Ziglu, a crypto-friendly challenger based in London, has received an Electronic Money Institution (EMI) license from the U.K.’s Financial Conduct Authority and has launched peer-to-peer (P2P) payments for both fiat and cryptocurrencies.
The EMI license, which allows Ziglu to issue e-money and provide payment services, was issued on September 1. The firm initially applied for the permit in May 2019, founder and CEO Mark Hipperson told The Block.
“The [authorization] process is long, arduous, and hard,” said Hipperson, the former co-founder and CTO of challenger Starling Bank. “I wouldn’t want it any other way” because it shows the FCA selects companies that are going to take “governance, compliance, risk management, and customer data really seriously.”

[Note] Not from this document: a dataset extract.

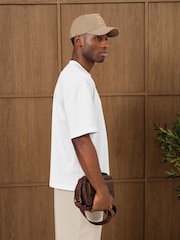 Белый - Футболка с тиснением на кармане и Monogram MAUVAIS - Изображение 2 6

Hipperson went on to say that the FCA’s crypto team also reviewed Ziglu’s licensing application since the firm provides both fiat and crypto services. Ziglu also had to comply with the fifth anti-money laundering directive (AMLD5) rules, and that process itself took three to four months, said Hipperson.
The FCA is “quite rightly concerned about cryptocurrency. They want to make sure that everything to do with one’s KYC, AML is really strict,” said Hipperson.
At launch, the Ziglu app is supporting British pounds (GBP) and four cryptocurrencies — bitcoin (BTC), ether (ETH), litecoin (LTC), and bitcoin cash (BCH), for P2P payments. It means users can send GBP or crypto to other Ziglu accounts as well as to customers of different U.K. banks, using Faster Payments Service. Crypto worth up to £50,000 (~$66,000) is insured. Ziglu charges a 1.25% commission on all trades.
The app was launched in June of this year and currently has users “in the low thousands,” Hipperson told The Block. “I’m aiming for a hundred million customers over the next six or seven years.”
To get there, Ziglu has planned several products and services for its “global current account” offering. Firstly, the firm is launching a Mastercard debit card, “in three weeks,” which will allow users to spend both fiat and crypto, said Hipperson.
Services such as loans, overdraft, interest-earning accounts, and insurance products are also on the radar in the future, said Hipperson.
Ziglu started its services in the U.K. and is now set to expand in certain European countries later this month and then the rest of Europe by Q4 or early Q1 2021, according to Hipperson. “And then we’ll be looking to push it into the [United] States in the first half of next year.”
In June, Ziglu raised £5.25 million (~$6.94 million) in seed funding. The firm is now looking to raise more money via a crowdfunding event set to launch later this month, Hipperson told The Block.